◆ TASK TO COMPLETE ◆
Repeat the data exactly as given below, dropping every picture.

....

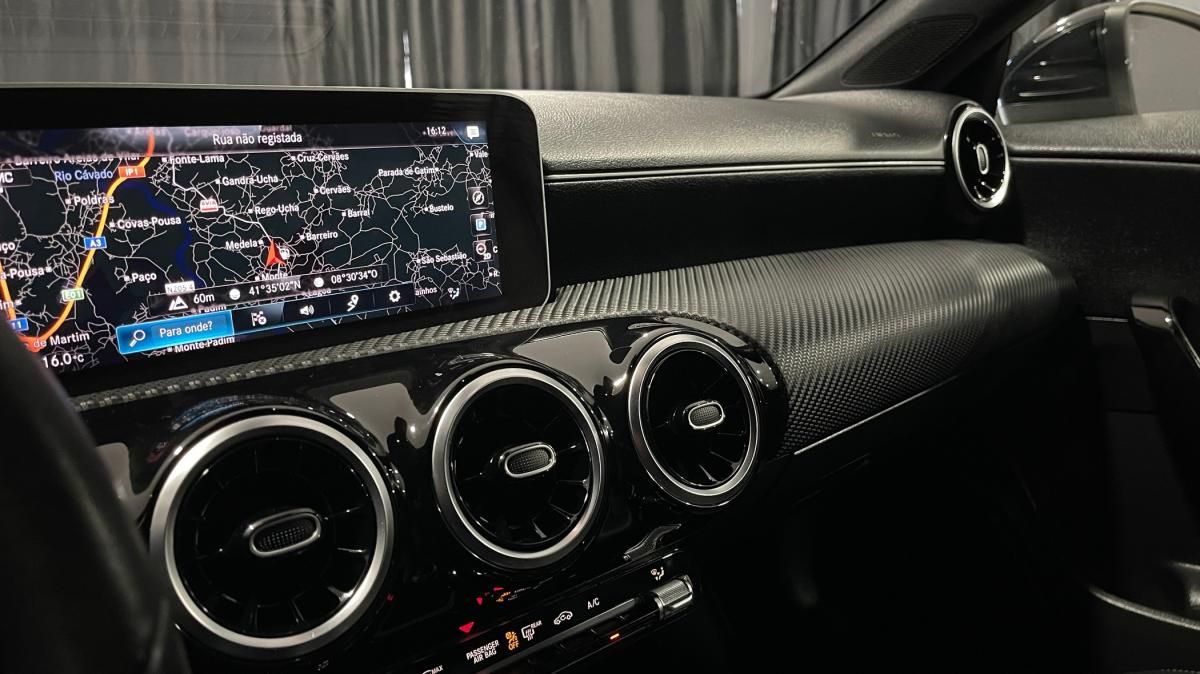 mercedes-benz-cla-2019-diesel-1950cc
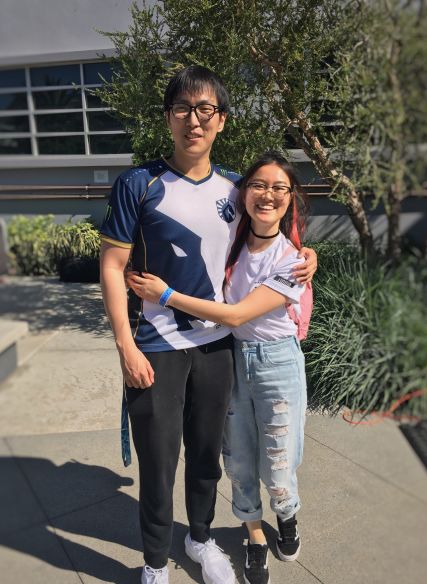 大师兄5年女粉分享3张亲密合影,网友:酸到极致之后就是承认般配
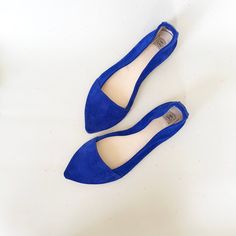 "D' Orsay pointy flats in Royal Cobalt Blue Italian Leather, the softest and most stylish ballet flats you will have have! Perfect for every day or as bridal shoes, add something blue to your wedding! ► Made to order ballet flats, I will be delighted to personally handcraft a pair especially for you! ► Upper in buttery soft Royal blue Italian leather suede ► See them in Navy Blue blue: https://www.etsy.com/listing/558008182/dorsay-pointy-toe-flats-in-navy-blue ► I can craft them in many wonderfu Elegant Blue Ballet Flats, Blue Low Heel Flats For Summer, Elegant Blue Closed Toe Ballet Flats, Summer Blue Low Heel Flats, Blue Pointed Toe Ballet Flats, Chic Blue Ballet Flats With Flat Heel, Blue Pointed Toe Flats For Summer, Blue Low Heel Flats For Formal Occasions, Blue Closed Toe Flats For Party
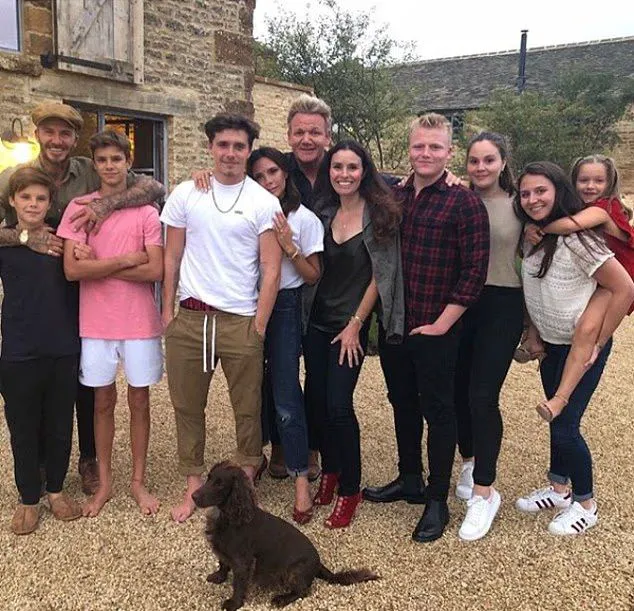 Pe Gordon Ramsay și David Beckham îi leagă o prietenie veche. Copiii bucătarului au crescut însă diferit 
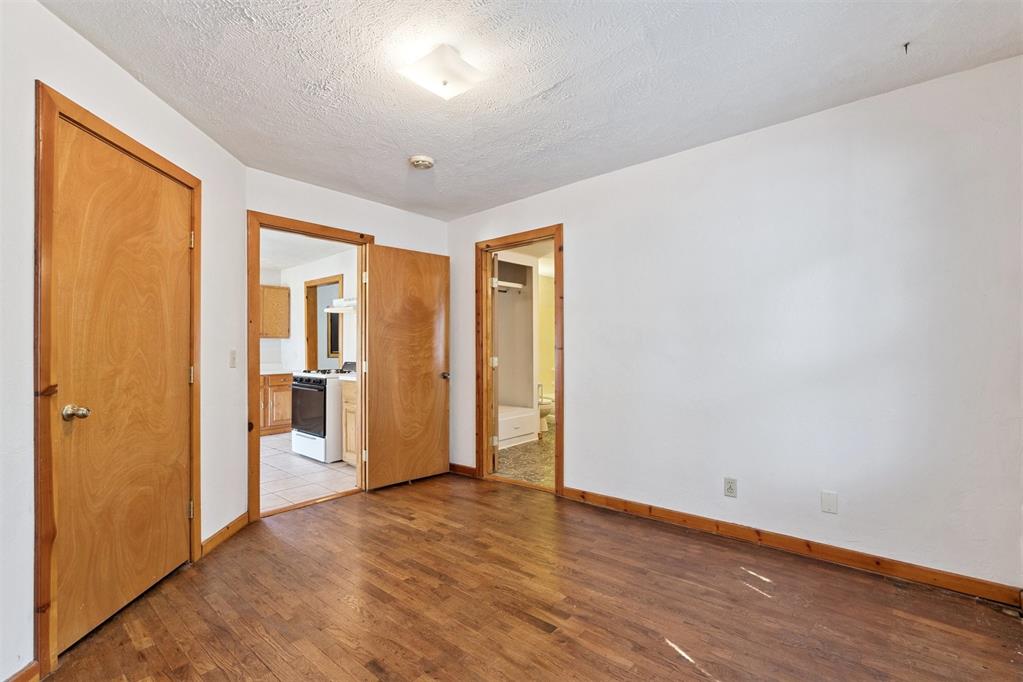 5925 NW 28th Street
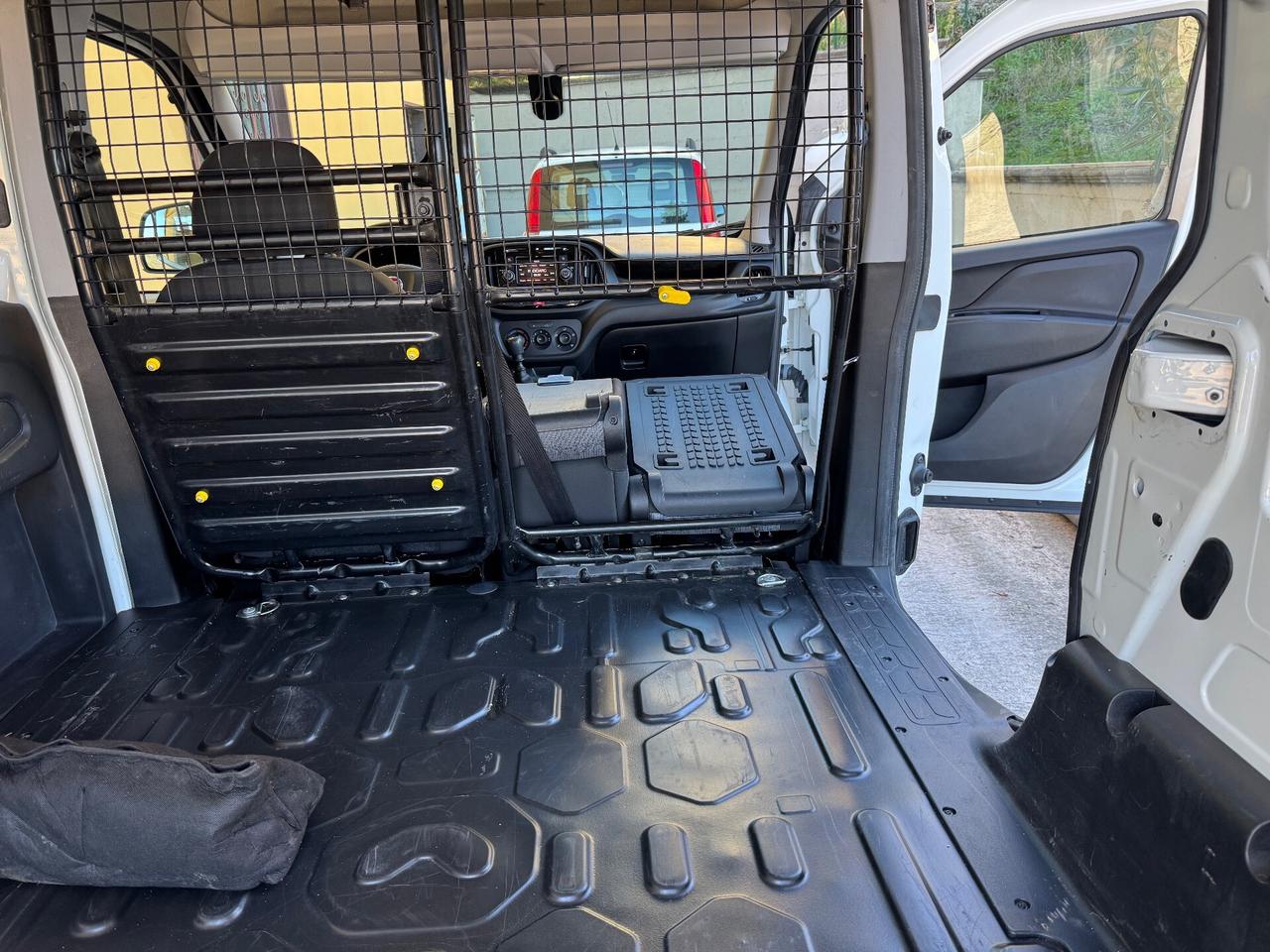 Fiat Doblo Doblò 1.6 MJT 105CV MAXI SX 3 posti (rete apribile)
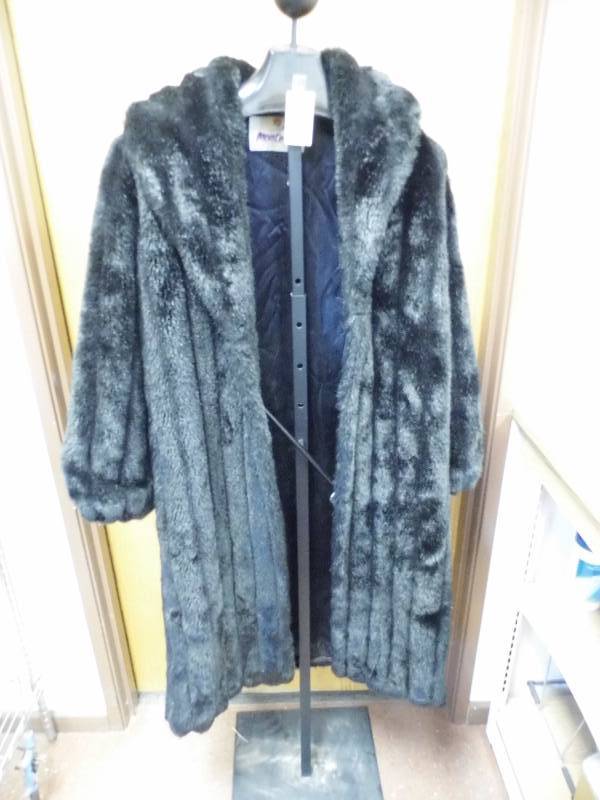 lot 11 image: Montery Fashion Faux Fur Coat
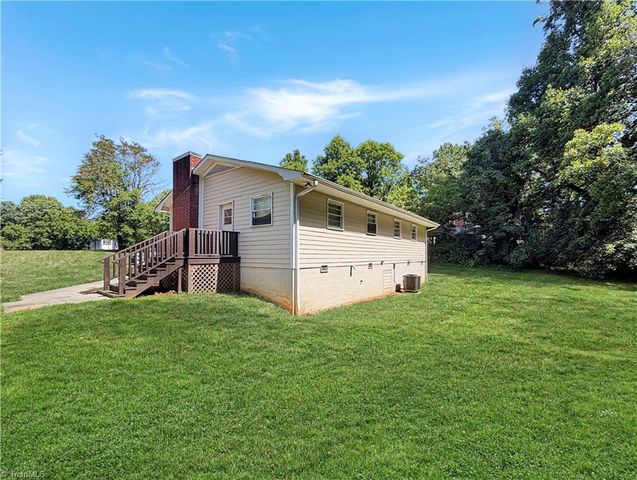 407 Brook Street, Wilkesboro, NC 28697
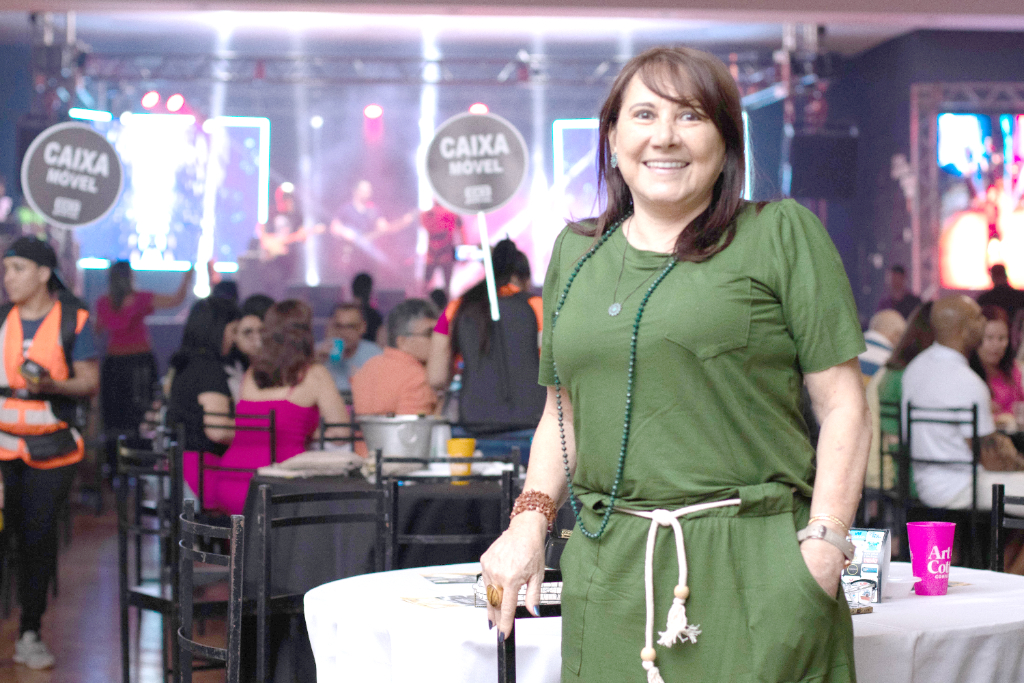 Rosa Pereira esbanjando seu charme e elegância na 1ª " Comida Di Buteco "da APREVO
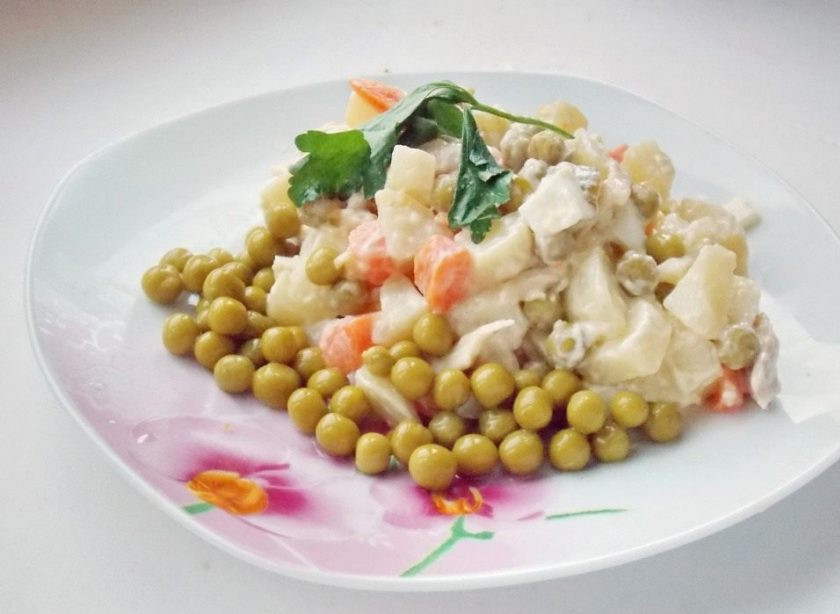 1. Этап. Оливье с курицей: 4. Дайте салату пропитаться, а для этого поставьте его в холодильник хотя бы на один час. Затем подавайте порционно или в салатнице.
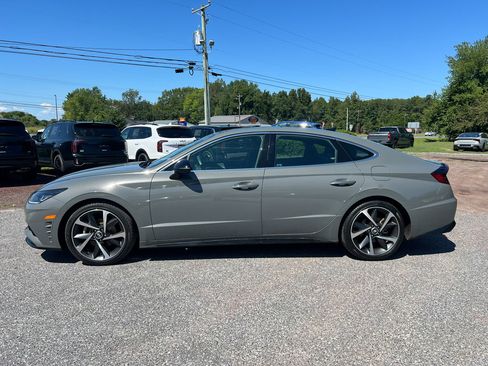 Used 2022 Hyundai Sonata SEL Plus w/ Cargo Package image 2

....

◆ EXERCISE RESULT ◆
 mercedes-benz-cla-2019-diesel-1950cc
 大师兄5年女粉分享3张亲密合影,网友:酸到极致之后就是承认般配
 "D' Orsay pointy flats in Royal Cobalt Blue Italian Leather, the softest and most stylish ballet flats you will have have! Perfect for every day or as bridal shoes, add something blue to your wedding! ► Made to order ballet flats, I will be delighted to personally handcraft a pair especially for you! ► Upper in buttery soft Royal blue Italian leather suede ► See them in Navy Blue blue: https://www.etsy.com/listing/558008182/dorsay-pointy-toe-flats-in-navy-blue ► I can craft them in many wonderfu Elegant Blue Ballet Flats, Blue Low Heel Flats For Summer, Elegant Blue Closed Toe Ballet Flats, Summer Blue Low Heel Flats, Blue Pointed Toe Ballet Flats, Chic Blue Ballet Flats With Flat Heel, Blue Pointed Toe Flats For Summer, Blue Low Heel Flats For Formal Occasions, Blue Closed Toe Flats For Party
 Pe Gordon Ramsay și David Beckham îi leagă o prietenie veche. Copiii bucătarului au crescut însă diferit 
 5925 NW 28th Street
 Fiat Doblo Doblò 1.6 MJT 105CV MAXI SX 3 posti (rete apribile)
 lot 11 image: Montery Fashion Faux Fur Coat
 407 Brook Street, Wilkesboro, NC 28697
 Rosa Pereira esbanjando seu charme e elegância na 1ª " Comida Di Buteco "da APREVO
 1. Этап. Оливье с курицей: 4. Дайте салату пропитаться, а для этого поставьте его в холодильник хотя бы на один час. Затем подавайте порционно или в салатнице.
 Used 2022 Hyundai Sonata SEL Plus w/ Cargo Package image 2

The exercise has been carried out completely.